● Action item:
From the listing below, reproduce word for word the part that opens with the line containing "a white toilet sitting next to a bath tub" and closes with the line containing "Hiroshi is hard"; reproduce nothing else.

● Records for the exercise:

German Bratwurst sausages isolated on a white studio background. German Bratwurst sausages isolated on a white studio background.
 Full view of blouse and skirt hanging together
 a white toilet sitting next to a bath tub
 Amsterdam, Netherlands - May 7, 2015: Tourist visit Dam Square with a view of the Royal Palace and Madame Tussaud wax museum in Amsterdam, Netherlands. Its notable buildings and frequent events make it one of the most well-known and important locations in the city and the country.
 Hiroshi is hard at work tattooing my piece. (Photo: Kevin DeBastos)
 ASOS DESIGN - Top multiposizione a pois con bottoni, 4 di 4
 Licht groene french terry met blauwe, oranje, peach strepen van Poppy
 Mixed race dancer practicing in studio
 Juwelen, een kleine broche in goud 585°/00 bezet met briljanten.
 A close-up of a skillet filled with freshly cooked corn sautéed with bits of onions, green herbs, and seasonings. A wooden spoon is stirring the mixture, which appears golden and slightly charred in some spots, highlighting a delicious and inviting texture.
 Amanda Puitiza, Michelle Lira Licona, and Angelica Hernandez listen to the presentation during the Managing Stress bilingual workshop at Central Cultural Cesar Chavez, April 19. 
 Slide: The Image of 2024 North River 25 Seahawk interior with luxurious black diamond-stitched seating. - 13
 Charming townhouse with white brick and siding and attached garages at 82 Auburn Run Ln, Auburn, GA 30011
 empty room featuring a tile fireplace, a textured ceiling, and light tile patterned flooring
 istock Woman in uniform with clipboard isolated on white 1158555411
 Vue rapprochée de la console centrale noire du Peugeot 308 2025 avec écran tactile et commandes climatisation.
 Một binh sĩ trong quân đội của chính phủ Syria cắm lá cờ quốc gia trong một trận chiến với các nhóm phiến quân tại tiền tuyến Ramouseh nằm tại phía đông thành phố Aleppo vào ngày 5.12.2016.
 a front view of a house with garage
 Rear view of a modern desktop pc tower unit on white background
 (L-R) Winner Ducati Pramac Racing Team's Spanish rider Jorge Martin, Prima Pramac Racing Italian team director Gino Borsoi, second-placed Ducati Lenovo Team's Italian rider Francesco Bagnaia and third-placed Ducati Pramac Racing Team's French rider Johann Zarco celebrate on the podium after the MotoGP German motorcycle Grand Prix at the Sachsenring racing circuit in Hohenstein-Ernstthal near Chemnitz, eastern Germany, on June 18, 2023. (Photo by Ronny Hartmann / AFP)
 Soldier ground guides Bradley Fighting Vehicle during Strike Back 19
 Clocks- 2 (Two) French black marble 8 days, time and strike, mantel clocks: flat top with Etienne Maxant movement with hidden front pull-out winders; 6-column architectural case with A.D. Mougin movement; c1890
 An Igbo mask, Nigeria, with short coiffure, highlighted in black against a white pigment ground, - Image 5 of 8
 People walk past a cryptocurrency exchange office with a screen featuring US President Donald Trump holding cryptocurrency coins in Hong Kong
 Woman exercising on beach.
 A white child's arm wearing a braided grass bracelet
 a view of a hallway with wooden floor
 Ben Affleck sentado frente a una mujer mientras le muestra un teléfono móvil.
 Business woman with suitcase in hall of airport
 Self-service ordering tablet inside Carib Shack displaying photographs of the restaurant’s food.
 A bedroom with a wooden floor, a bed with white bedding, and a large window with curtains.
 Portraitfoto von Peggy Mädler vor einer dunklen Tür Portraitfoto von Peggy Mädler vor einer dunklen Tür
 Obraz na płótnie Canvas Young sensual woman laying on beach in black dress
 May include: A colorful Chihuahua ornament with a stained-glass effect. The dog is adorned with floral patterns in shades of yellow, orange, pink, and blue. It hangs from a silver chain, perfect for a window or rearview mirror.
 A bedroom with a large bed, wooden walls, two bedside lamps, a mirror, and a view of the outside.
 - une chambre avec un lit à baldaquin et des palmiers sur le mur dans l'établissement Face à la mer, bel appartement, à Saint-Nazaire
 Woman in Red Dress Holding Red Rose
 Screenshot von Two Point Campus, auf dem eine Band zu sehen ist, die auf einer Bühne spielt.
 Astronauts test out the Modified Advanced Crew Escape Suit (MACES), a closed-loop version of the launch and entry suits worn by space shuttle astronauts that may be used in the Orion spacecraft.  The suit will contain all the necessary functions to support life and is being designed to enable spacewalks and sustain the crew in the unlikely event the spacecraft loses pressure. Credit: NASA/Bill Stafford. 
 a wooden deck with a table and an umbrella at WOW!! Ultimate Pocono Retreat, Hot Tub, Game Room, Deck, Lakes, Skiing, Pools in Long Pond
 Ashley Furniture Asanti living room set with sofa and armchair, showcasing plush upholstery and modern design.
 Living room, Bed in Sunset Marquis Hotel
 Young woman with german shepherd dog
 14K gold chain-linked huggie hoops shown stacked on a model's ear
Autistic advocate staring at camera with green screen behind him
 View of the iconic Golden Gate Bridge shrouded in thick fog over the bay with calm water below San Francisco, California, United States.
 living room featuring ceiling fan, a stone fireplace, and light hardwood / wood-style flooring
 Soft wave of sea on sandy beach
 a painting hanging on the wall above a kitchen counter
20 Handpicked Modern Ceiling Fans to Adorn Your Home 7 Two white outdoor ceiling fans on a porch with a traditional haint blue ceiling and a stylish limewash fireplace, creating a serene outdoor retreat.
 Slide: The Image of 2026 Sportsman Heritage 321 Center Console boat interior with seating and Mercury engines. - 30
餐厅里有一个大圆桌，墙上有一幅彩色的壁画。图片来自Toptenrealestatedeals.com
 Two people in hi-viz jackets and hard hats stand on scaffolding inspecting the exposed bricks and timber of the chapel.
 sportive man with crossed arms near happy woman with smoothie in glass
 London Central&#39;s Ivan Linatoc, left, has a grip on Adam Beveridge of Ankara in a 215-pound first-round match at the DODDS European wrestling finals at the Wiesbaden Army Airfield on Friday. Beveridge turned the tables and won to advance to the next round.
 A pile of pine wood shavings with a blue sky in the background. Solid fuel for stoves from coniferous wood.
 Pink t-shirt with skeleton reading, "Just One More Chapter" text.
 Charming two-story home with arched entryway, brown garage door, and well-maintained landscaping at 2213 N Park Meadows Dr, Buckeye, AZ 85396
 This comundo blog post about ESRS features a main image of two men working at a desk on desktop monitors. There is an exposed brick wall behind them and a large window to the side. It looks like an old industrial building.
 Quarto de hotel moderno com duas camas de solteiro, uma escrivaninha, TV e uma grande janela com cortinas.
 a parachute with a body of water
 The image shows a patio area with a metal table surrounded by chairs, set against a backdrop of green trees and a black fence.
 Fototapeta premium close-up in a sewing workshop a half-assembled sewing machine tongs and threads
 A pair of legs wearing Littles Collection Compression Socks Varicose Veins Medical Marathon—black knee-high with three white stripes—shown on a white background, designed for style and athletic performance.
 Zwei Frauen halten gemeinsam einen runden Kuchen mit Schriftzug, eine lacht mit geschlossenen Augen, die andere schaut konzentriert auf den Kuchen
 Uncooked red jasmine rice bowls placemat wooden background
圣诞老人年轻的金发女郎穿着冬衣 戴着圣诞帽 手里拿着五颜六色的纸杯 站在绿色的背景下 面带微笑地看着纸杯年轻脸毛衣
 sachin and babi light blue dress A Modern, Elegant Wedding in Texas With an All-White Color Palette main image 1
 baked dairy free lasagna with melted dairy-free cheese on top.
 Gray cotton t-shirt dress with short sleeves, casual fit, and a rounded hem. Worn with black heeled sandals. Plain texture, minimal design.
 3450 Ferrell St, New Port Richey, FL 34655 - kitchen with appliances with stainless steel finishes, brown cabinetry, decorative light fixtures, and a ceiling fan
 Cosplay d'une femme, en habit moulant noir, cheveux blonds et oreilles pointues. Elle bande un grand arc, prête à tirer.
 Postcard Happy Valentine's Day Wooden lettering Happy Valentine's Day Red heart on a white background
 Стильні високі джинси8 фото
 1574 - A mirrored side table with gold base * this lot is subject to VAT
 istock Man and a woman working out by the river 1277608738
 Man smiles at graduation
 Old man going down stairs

● Output of the exercise:
 a white toilet sitting next to a bath tub
 Amsterdam, Netherlands - May 7, 2015: Tourist visit Dam Square with a view of the Royal Palace and Madame Tussaud wax museum in Amsterdam, Netherlands. Its notable buildings and frequent events make it one of the most well-known and important locations in the city and the country.
 Hiroshi is hard at work tattooing my piece. (Photo: Kevin DeBastos)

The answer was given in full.